- **Brief**: When you reach the line containing "Handmade Plastic Beaded" in the entries below, begin reproducing lines exactly, and stop once the line containing "Copy Colouring Books(Set" is done.

Items from a data source
+ + + +
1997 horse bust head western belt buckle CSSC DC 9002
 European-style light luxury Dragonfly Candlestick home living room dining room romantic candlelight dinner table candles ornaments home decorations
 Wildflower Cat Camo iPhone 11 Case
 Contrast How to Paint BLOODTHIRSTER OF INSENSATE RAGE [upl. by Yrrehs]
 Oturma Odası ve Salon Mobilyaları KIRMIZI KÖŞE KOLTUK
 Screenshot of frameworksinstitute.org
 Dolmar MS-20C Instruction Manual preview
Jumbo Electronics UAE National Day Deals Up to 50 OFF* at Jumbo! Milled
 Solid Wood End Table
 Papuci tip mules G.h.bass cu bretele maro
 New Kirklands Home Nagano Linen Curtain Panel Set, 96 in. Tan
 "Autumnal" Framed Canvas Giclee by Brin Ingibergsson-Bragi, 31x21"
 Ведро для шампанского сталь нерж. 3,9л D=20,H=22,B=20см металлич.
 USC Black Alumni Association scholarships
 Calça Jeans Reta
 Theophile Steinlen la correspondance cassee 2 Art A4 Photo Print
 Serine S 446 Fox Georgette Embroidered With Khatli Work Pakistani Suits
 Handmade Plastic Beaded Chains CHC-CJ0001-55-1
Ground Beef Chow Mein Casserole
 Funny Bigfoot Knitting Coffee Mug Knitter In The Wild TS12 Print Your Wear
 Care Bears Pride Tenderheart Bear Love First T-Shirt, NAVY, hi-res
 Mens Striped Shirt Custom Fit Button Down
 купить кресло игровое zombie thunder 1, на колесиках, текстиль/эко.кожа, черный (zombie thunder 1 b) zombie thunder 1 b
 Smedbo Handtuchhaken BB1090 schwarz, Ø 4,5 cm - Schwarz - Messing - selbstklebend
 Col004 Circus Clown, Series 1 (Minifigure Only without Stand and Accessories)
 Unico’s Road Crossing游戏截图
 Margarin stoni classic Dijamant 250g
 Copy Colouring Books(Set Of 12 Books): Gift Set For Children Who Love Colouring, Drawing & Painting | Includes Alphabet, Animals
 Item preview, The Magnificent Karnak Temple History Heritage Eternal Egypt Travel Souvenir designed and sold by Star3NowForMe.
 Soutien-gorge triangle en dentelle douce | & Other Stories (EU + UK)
+ + + +
- **The completed task**:
 Handmade Plastic Beaded Chains CHC-CJ0001-55-1
Ground Beef Chow Mein Casserole
 Funny Bigfoot Knitting Coffee Mug Knitter In The Wild TS12 Print Your Wear
 Care Bears Pride Tenderheart Bear Love First T-Shirt, NAVY, hi-res
 Mens Striped Shirt Custom Fit Button Down
 купить кресло игровое zombie thunder 1, на колесиках, текстиль/эко.кожа, черный (zombie thunder 1 b) zombie thunder 1 b
 Smedbo Handtuchhaken BB1090 schwarz, Ø 4,5 cm - Schwarz - Messing - selbstklebend
 Col004 Circus Clown, Series 1 (Minifigure Only without Stand and Accessories)
 Unico’s Road Crossing游戏截图
 Margarin stoni classic Dijamant 250g
 Copy Colouring Books(Set Of 12 Books): Gift Set For Children Who Love Colouring, Drawing & Painting | Includes Alphabet, Animals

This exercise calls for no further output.